Societe Generale on Friday reported second-quarter net profit of 1.03 billion euros ($1.38 billion), up 7.8 percent from a year ago helped by lower expenses and a reduced cost of risk.
France's No. 2 listed bank, whose future in its core growth market of Russia is overshadowed by the prospect of deeper western sanctions against the country in response to the Ukraine crisis, said revenue fell to 5.893 billion euros from 6.120 billion a year earlier.
But its operating expenses were down 1.3 percent and its loan loss provisions also fell. The result also included a 210 million euro gain related to the acquisition of the 50 percent of brokerage Newedge it did not already own.
SocGen also said it was increasing its litigation provision by 200 million euros to 900 million as of the end of June 2014.

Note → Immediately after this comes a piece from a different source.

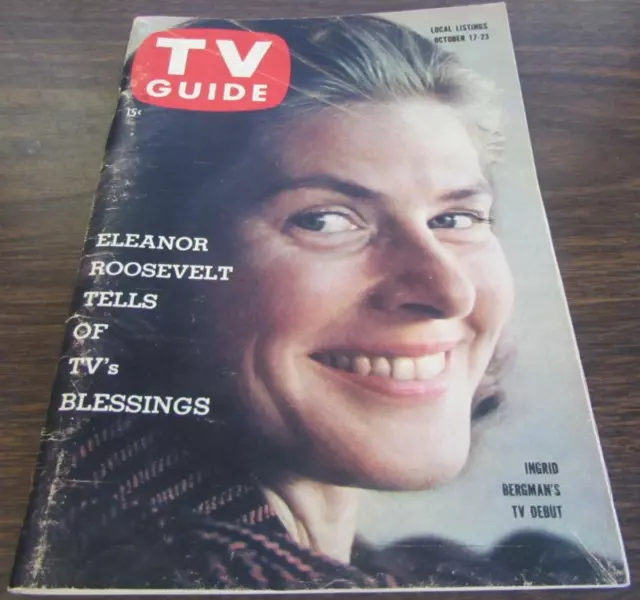 Vintage Tv Guide - Oct. 17Th 1959  - Ingrid Bergman's Tv Debute - Very Good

It gave no further details on the provision, but in its annual report this year, it said it was in talks with the U.S. Office of Foreign Assets Control in relation to U.S. dollar transfers it made on behalf of entities based in countries subject to U.S. sanctions.
The annual report also said it has been named in U.S. rate fixing class action suits.

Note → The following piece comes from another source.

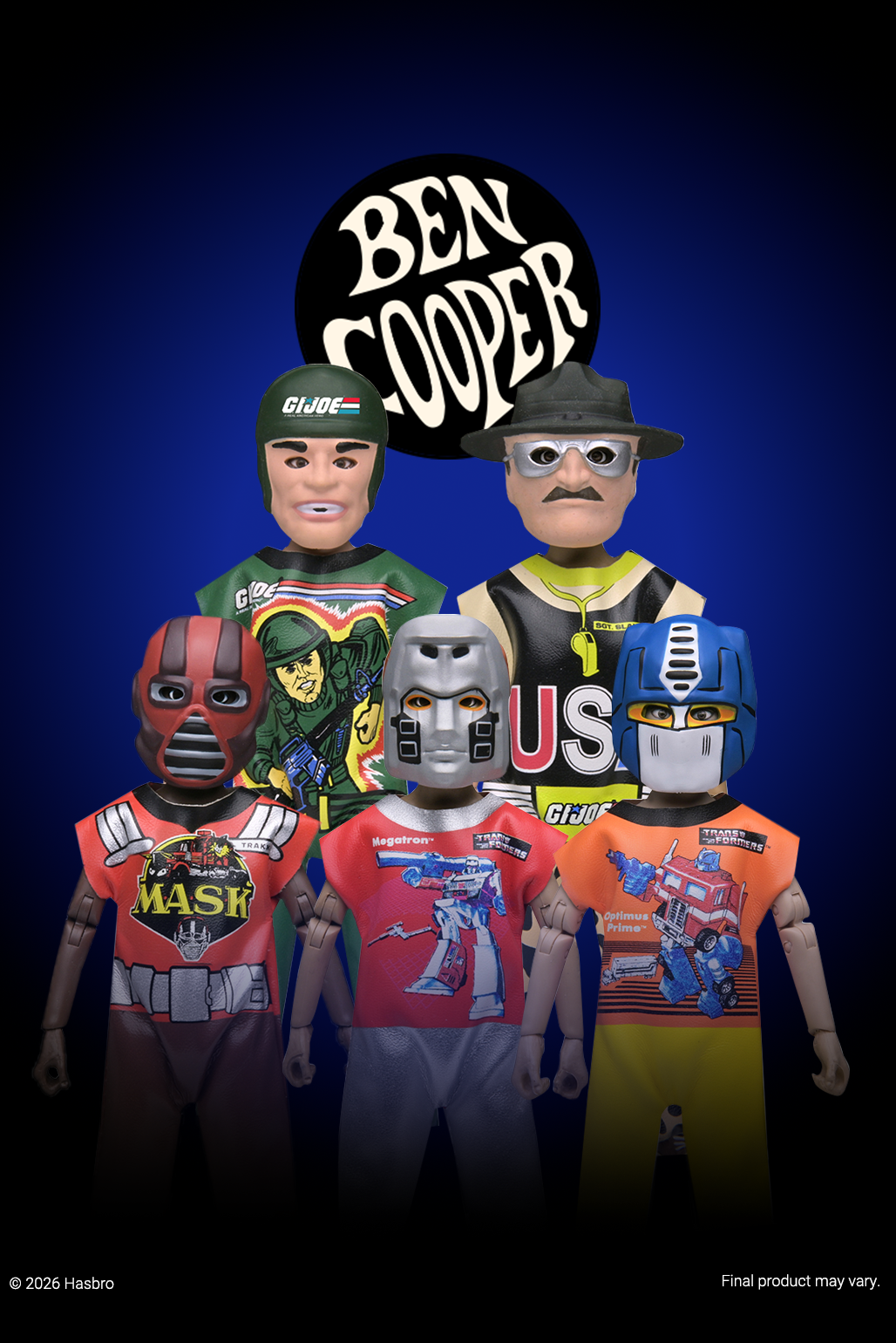 Ben Cooper Costume Kids Collection - Series 15 Bundle (Grunt, Sgt. Slaughter, Matt Trakker, Optimus Prime & Megatron) on the NECA Store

SocGen, like rivals across Europe, has been selling assets to bolster its balance sheet and improve profitability in an environment of slow growth in Western Europe.
It is targeting a return on equity of more than 10 percent by end-2016.

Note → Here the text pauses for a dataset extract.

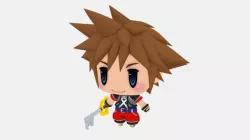 Chibi Sora from Kingdom Hearts Low-poly 3D model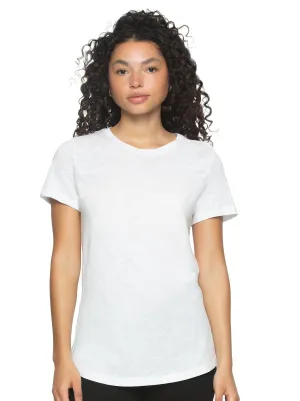 Slub Jersey Crew Neck T-Shirt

In the quarterly results, it said its core Tier 1 capital ratio under Basel III rules, a key measure of bank strength used by regulators since the 2008 financial crisis, was 10.2 percent at end-June versus 10.1 percent at end-March.
Russia accounted for 7 percent of SocGen 2013 revenue. SocGen said "commercial momentum remained healthy" there with outstanding loans up 5.3 percent.
SocGen has so far kept faith with its Russian investments despite the political tensions, aiming to maintain its exposure at a moderate level of 3 percent of outstanding loans.
The lender already took a 525 million euro writedown on its main investment, Rosbank, in the first quarter.
It blamed heightened uncertainty as well as the decline in the Russian rouble.